Yeni aktörler yeni siyaset
Yine ABD’nin bölgedeki alan daraltma siyasetini, özellikle İngiltere’nin de yardımıyla BAE ve Katar gibi siyaseten küçük ancak mali açıdan ve medya gücü açısından büyük ülkelerin öne çıkarılması üzerinden yönetmesi de başarı hanesine kaydedilmeli. Benzer bir şekilde, ABD’nin bir başka başarısı da bir yıl öncesine kadar işe yaramaz ve etkisiz bir örgüt olan Arap Ligi’ni yüceltmesine dikkat edilmeli. Arap Ligi üzerinden Ortadoğu’daki askeri müdahalelere ve siyasi baskılama operasyonlarına meşruiyet oluşturan ABD, bir yandan da Arap Ligi ile Ortadoğu siyasetini Arap parantezine alarak Türkiye’yi psikolojik ve nominal olarak dışlamış oldu.

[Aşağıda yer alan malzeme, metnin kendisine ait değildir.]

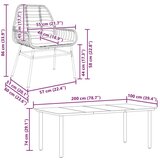  Vrtna garnitura - 6-dijelni vrtni blagovaonski set s jastucima crno Crna i tamno siva 200 x 100 x 74 cm 6 | shoptok.hr
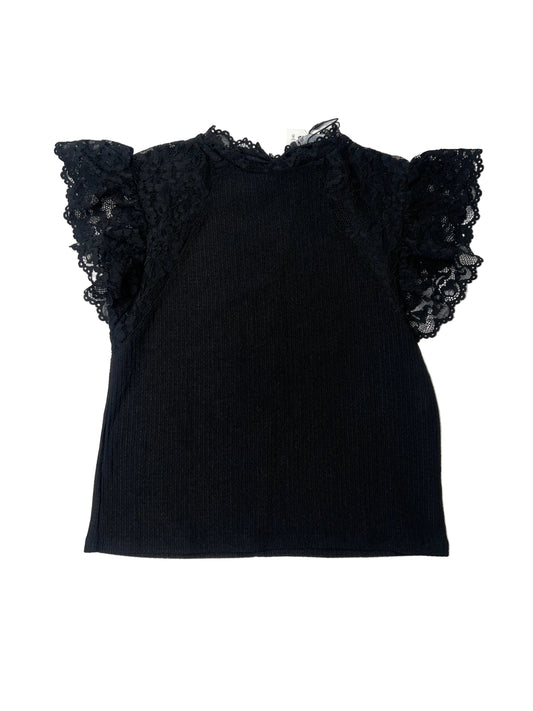 Top Short Sleeve By Zara In Black, Size: S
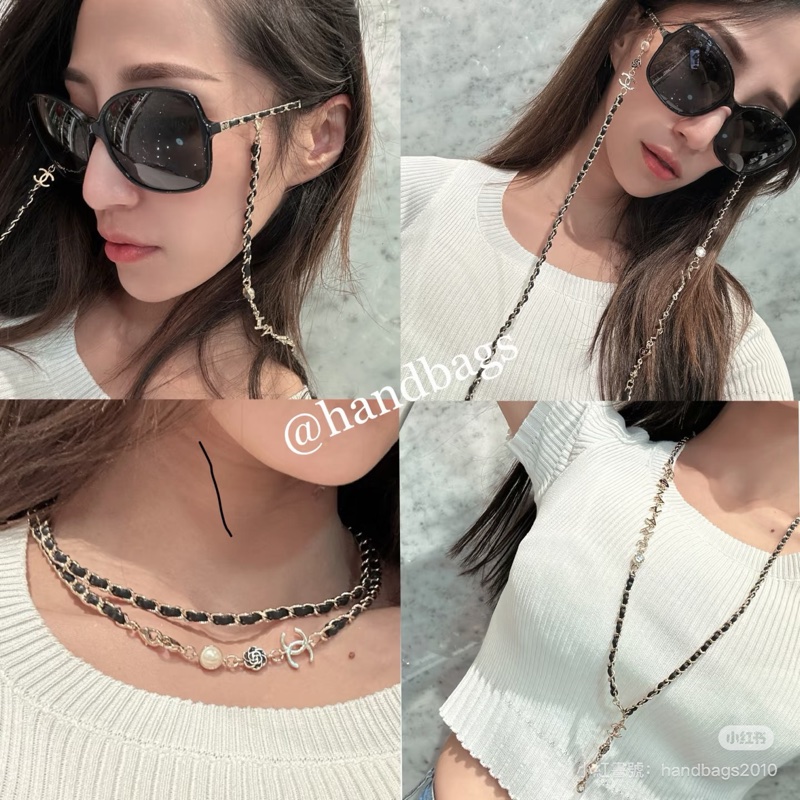 【CHANEL香奈兒 】A71447經典編織皮穿鍊金框太陽眼鏡(茶色) +眼鏡鏈-9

Bir başka deyişle, Arap Ligi bir yanıyla bölgedeki ABD siyasetine meşruiyet kaynağı olurken, bir yanıyla da Türkiye’yi gelişmelerin dışında tutarak oldukça kullanışlı olduğunu ispatlamış oldu. Arap Ligi’nde etkili ortaklar olarak inisiyatifi ele alan Suudi Arabistan ve Katar’ın öne çıkması, ABD’nin, bu ülkeleri Ortadoğu siyasetinde Türkiye’ye karşı denge unsuru olarak kullanmak için güçlendirme siyasetini de desteklemiş oldu. Bu çerçevede ABD’nin bölge politikasının çoğaltılmış bölgesel güçlerin karşılıklı sürtüşmesi ile alan açma olduğunu söyleyebiliriz. ABD Dışişleri Bakanı Clinton’ın da Suriye’ye NATO müdahalesine tavır alması, asıl ABD siyasetinin bu tür bir dengelemeye doğru evrildiğini gösteriyor.